Es tonto o propio de plomazo contar chistes gráficos, pasar a relato verbal la imagen o la secuencia dibujada. Sin embargo, puede ser necesario, incluso útil en ciertas circunstancias ejemplares. Así, se sabe que el primer dibujo publicado por Quino –no en Esto es sino en la revista Dibujantes, en la sección “Futuros profesionales”– es una tira muda de cuatro cuadritos: el esquemático y amargado preso con traje a rayas pica piedras en el primero, se alegra de salir en libertad en el segundo, entra optimista a la agencia de empleos en el tercero y se amarga otra vez picando piedra en el último. Sólo ha cambiado el uniforme.
Uno de los últimos dibujos originales de Quino –o por lo menos el que él eligió para dar la cara en la tapa de la antológica exposición de hace un tiempo, Quino 50 años– es un autorretrato de sentado en alta banqueta de trabajo, las manos en las rodillas y la mirada entre absorta, culposa, disculposa y triste vuelta al lector: está vestido curiosamente de preso pero, en lugar de ser a rayas, el traje es de cuadritos de historieta. Historietas propias, claro.
El primer dibujo es de 1954; el segundo, de medio siglo después.
Tal vez no sea forzar demasiado el sentido si decimos que la melancolía de la mirada del dibujado dibujante –del que se expone y del que se dibujó así expuesto– supone una vuelta de tuerca y muchas vueltas de la vida respecto de la esquemática visión de la primera secuencia.

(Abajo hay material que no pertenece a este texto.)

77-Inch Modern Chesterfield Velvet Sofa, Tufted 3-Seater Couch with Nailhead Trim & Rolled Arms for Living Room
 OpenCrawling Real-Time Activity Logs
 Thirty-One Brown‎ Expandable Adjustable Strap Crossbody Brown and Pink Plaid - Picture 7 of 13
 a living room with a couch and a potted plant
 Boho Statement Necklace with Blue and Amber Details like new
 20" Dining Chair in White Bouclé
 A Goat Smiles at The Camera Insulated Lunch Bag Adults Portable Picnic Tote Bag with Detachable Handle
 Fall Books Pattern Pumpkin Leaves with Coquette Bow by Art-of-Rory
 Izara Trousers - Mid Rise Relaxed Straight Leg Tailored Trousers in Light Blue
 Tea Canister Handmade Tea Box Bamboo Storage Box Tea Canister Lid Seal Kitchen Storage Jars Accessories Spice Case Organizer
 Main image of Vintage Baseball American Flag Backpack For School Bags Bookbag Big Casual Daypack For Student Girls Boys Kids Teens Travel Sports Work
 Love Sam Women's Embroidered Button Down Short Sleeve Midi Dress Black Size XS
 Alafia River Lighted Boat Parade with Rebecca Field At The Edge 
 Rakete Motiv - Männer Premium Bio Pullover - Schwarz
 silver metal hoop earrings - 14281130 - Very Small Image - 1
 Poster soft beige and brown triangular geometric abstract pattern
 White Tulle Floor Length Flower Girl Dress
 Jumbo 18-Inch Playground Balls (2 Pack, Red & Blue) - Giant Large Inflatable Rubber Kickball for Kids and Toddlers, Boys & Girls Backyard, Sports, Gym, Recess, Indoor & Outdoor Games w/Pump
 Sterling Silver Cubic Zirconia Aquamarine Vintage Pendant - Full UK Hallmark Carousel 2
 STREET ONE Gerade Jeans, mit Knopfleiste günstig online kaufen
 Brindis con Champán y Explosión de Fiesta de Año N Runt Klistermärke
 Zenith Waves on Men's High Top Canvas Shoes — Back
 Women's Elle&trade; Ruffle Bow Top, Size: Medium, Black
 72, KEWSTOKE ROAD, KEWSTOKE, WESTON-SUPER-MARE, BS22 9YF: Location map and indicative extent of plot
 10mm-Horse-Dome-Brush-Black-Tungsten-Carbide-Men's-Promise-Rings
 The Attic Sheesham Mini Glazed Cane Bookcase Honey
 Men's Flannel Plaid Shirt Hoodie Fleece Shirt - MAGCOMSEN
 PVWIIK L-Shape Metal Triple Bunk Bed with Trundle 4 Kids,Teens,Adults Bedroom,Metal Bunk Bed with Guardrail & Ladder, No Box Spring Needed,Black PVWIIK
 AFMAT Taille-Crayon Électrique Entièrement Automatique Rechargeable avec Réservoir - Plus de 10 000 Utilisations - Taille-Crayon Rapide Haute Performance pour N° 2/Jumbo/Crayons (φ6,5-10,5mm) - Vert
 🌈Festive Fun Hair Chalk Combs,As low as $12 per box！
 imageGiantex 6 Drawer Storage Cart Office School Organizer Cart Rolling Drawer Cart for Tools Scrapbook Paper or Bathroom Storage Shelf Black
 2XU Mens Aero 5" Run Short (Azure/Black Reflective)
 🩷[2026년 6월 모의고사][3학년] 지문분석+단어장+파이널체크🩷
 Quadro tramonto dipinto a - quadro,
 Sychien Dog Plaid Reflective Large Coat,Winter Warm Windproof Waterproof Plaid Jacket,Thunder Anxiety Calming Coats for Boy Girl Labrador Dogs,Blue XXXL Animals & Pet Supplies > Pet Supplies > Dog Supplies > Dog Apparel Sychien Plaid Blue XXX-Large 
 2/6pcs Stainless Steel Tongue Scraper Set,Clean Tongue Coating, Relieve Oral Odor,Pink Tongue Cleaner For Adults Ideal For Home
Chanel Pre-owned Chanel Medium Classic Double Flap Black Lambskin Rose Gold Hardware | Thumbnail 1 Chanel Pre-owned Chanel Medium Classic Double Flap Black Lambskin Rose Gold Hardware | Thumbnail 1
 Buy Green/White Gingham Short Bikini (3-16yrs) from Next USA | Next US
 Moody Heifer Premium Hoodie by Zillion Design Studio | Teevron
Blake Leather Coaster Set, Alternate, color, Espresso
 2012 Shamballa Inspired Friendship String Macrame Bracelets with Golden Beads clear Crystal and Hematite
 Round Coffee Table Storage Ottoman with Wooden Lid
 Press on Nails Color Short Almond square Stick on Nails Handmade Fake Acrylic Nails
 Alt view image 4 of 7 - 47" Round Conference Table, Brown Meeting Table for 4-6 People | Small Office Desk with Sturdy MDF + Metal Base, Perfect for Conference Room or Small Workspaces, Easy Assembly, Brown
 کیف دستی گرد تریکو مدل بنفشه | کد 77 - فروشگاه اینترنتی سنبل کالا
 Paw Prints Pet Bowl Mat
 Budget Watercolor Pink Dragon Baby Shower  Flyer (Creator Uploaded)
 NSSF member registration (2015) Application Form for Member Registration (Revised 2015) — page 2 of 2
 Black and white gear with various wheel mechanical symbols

Si el preso no tiene opción porque no elige su vida, cuando sale está también condenado por no tener vocación –proyecto propio: el reproche cruel de Mafalda a su mamá– y depender del mercado alienador. Condenado a hacer lo que no quiere porque no sabe (o no quiere) qué ser, está siempre como preso. En ese contexto –el del creador ilusionado que ha “encontrado su camino” vocacional en la profesión asumida como espacio de libertad– la elección se confunde con el sentido, le da sentido a la vida, más precisamente.
Medio siglo después de vida privada e historia pública, el creador siente que las trabas para el acceso a la plenitud, felicidad o como se llame, están mucho más allá del coraje para usar la libertad individual o las opciones vocacionales: no hay sólo condicionamientos sino simple condición humana, a secas. Y esa condición asumida sin trampas viste para Quino un traje a rayas, a cuadros en su caso, un feroz pero siempre elegante estilo de escéptica melancolía que traspasa todas las modas.
Con el tiempo, la visión/obsesión incluso se fue oscureciendo aún más. Ya no dibujaba cosas nuevas, pero entre sus últimas entregas originales, hace unos años, hubo una reveladora en su página semanal de Viva. Quino planta un inusual dibujo único y a toda página, copado por el negro: un desolado viejo de ojos hundidos, de aspecto desprolijo, que sin inmutarse ni ironía aparente formula su programa de vida: “Pues yo no pienso dejar este mundo sin antes hacerme un test de orientación vocacional para averiguar de qué otra forma podría haber desperdiciado mi vida…”.
En fin: “He cometido el peor de los pecados…”, dijo uno que sabía de qué hablaba. Apaga y vámonos.